Gesetzliche Grundlage
- OR 322d
Art. 322d OR
4. Gratifikation
1 Richtet der Arbeitgeber neben dem Lohn bei bestimmten Anlässen, wie Weihnachten oder Abschluss des Geschäftsjahres, eine Sondervergütung aus, so hat der Arbeitnehmer einen Anspruch darauf, wenn es verabredet ist.

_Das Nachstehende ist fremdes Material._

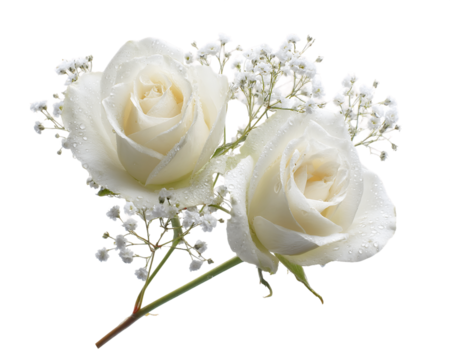 Pair of White Roses with Baby's Breath on Transparent Background, PNG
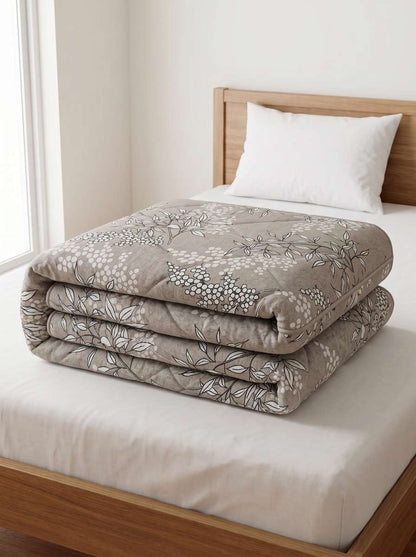 120 GSM Reversible Single Bed Comforter, Lightweight AC Comforter, 154 x 228 cm | Slate Grey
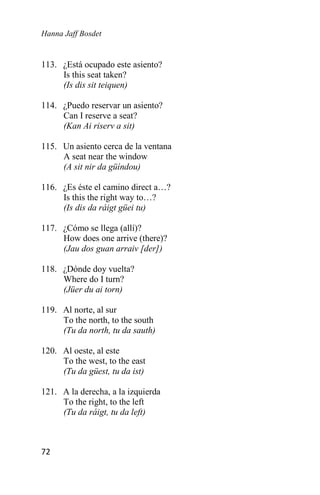 Hanna Jaff Bosdet
72
113. ¿Está ocupado este asiento?
Is this seat taken?
(Is dis sit teiquen)
114. ¿Puedo reservar un asiento?
Can I reserve a seat?
(Kan Ai riserv a sit)
115. Un asiento cerca de la ventana
A seat near the window
(A sit nir da güíndou)
116. ¿Es éste el camino direct a…?
Is this the right way to…?
(Is dis da ráigt güei tu)
117. ¿Cómo se llega (allí)?
How does one arrive (there)?
(Jau dos guan arraiv [der])
118. ¿Dónde doy vuelta?
Where do I turn?
(Jüer du ai torn)
119. Al norte, al sur
To the north, to the south
(Tu da north, tu da sauth)
120. Al oeste, al este
To the west, to the east
(Tu da güest, tu da ist)
121. A la derecha, a la izquierda
To the right, to the left
(Tu da ráigt, tu da left)
 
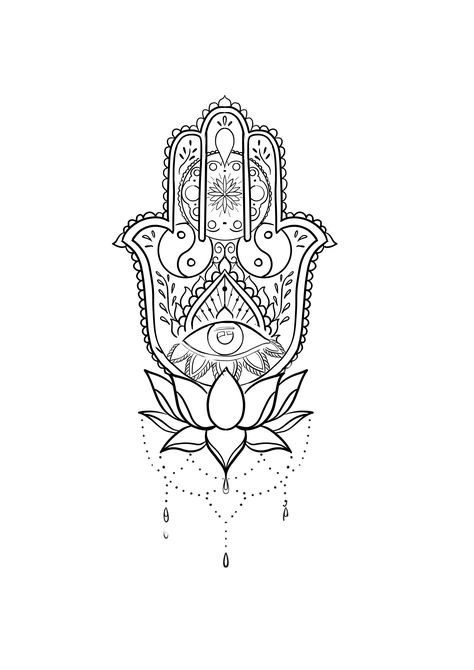 Hamsa Tattoo Design For Women, Hasma Tattoo, Small Hamsa Tattoo, Hamsa Tattoos, Mandala Elephant Tattoo, Tattoo Chart, Hamsa Tattoo Design, Cute Foot Tattoos, Hamsa Hand Tattoo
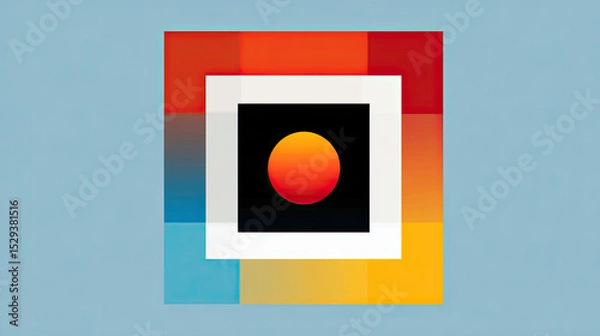 Fototapeta Colorful geometric design featuring central sun symbol, evoking warmth and creativity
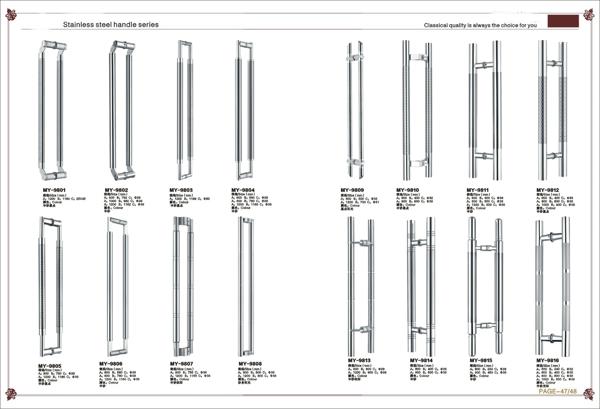 Union door handles silver with locks shower screen glass handle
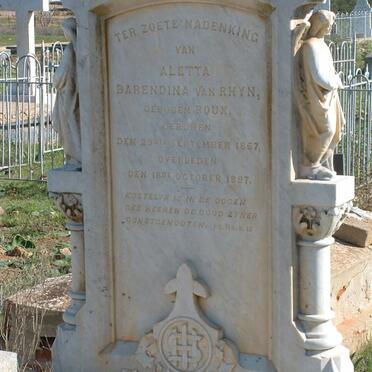 RHYN Aletta Barendina nee ROUX 1867-1897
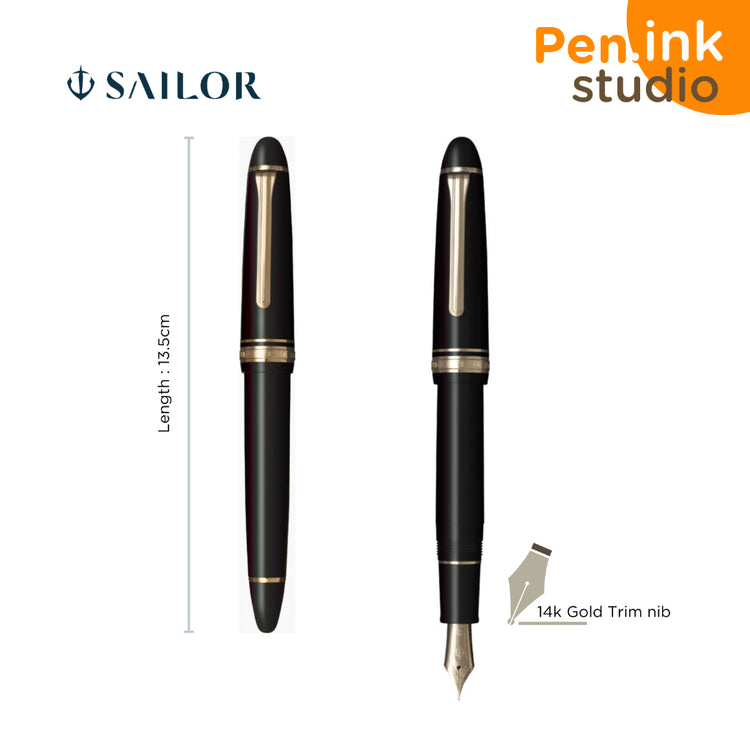 Sailor 1911 Standard 14K Gold Trim Black Color Fountain Pen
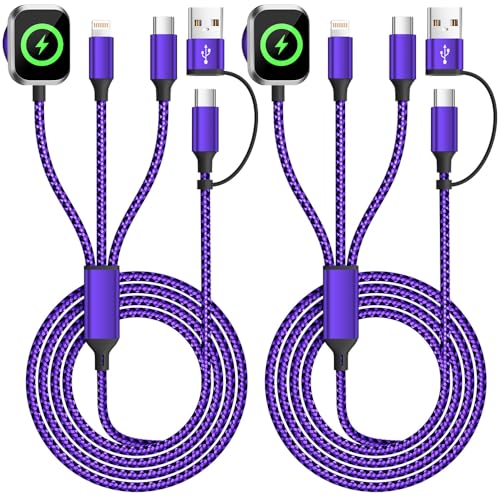 Image of Travel Essentials 3in2 Multi Charging Cable for iPhone Watch Charger,USB A /C to Type C /IP /iWatch Charger,Travel Chargers for Multiple Devices Compatible with iWatch Series&iPhone 16-12（2PACK,5FT）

2 Endigt das Arbeitsverhältnis, bevor der Anlass zur Ausrichtung der Sondervergütung eingetreten ist, so hat der Arbeitnehmer einen Anspruch auf einen verhältnismässigen Teil davon, wenn es verabredet ist.
Gratifikationsanlässe
Die Gratifikation bildet eine Sondervergütung, die neben dem Lohn aus bestimmten Anlässen ausgerichtet wird:
- Ostern
- Weihnachten
- Abschluss des Geschäftsjahres
Zahlungsgründe
- Belohnung für geleistete Arbeit
- Ansporn zu künftigem Arbeitseinsatz.
Gratifikationsanspruch
Der Arbeitnehmer
- hat einen Anspruch auf die Gratifikation, wenn es verabredet ist (OR 322d Abs. 1)
- hat beim Austritt aus dem Unternehmen des Arbeitgebers vor Ausrichtung der Gratifikation nur einen „Pro-rata-Anspruch, wenn es ausdrücklich verabredet ist (OR 322d Abs. 2).
Rechtsnatur
Gemäss BGE 129 III 278 liegt eine Gratifikation nur vor, wenn
- ihre Ausrichtung überhaupt (= echte Gratifikation)
- zumindest die Bestimmung ihrer Höhe ins Ermessen des Arbeitgebers gestellt ist (= unechte Gratifikation).
Vorbehaltslos zugesicherter Anspruch
- Es besteht keine Gratifikation, sondern ein Lohnbestandteil.
Ermessen des Arbeitgebers
Der Arbeitgeber
- ist trotz seines Ermessens in der Gratifikationen-Ausrichtung nicht völlig frei
- hat zu beachten:
- den Gleichbehandlungsgrundsatz
- Differenzierung der Gratifikationen in Bestand und Höhe an die einzelnen Arbeitnehmer nur nach sachlichen Gesichtspunkten (Leistung, Dienstjahre usw.)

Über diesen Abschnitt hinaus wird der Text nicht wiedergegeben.